## Exercise goal
Count every line in the data that contains the word "Hotel", then report that number alone.

────────────────

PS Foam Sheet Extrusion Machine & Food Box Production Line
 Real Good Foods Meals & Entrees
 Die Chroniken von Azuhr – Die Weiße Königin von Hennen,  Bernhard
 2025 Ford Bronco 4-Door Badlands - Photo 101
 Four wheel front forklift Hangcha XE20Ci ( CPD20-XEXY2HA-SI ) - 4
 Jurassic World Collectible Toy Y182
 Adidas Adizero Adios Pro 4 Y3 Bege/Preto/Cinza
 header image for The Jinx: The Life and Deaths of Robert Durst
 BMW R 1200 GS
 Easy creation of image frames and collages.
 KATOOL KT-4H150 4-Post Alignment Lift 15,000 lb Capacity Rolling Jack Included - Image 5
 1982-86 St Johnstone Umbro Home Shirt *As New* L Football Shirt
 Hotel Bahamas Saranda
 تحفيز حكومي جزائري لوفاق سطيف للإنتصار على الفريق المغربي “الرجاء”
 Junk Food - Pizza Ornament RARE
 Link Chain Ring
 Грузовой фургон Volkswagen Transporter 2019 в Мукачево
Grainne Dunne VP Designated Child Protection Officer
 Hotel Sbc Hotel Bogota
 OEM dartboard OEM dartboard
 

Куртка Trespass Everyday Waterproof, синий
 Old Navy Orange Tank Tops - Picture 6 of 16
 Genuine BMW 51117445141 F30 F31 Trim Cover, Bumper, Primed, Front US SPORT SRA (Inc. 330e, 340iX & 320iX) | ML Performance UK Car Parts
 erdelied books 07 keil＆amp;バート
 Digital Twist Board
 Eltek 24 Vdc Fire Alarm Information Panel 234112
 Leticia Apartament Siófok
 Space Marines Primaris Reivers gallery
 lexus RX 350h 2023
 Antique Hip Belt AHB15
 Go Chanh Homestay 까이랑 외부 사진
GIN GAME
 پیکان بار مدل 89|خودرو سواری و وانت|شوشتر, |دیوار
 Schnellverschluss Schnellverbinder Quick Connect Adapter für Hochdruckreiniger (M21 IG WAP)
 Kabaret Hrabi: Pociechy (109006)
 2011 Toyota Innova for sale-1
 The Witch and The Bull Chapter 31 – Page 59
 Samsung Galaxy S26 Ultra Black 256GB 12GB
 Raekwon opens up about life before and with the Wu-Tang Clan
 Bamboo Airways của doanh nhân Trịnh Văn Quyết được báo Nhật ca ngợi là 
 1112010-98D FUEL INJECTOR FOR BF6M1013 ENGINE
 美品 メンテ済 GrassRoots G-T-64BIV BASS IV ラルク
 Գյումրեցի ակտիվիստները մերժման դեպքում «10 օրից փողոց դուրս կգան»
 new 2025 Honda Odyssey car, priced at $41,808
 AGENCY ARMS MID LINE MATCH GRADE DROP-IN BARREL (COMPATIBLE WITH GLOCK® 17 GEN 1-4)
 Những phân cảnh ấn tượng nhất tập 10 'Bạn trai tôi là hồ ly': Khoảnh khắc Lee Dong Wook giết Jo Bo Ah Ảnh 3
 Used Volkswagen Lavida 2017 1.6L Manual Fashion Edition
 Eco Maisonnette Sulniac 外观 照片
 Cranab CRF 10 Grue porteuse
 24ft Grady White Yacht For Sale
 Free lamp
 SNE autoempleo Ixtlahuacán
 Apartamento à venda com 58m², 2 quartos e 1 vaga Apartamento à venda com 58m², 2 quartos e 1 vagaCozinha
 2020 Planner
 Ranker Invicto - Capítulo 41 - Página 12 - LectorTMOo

────────────────

## Solution for this task
2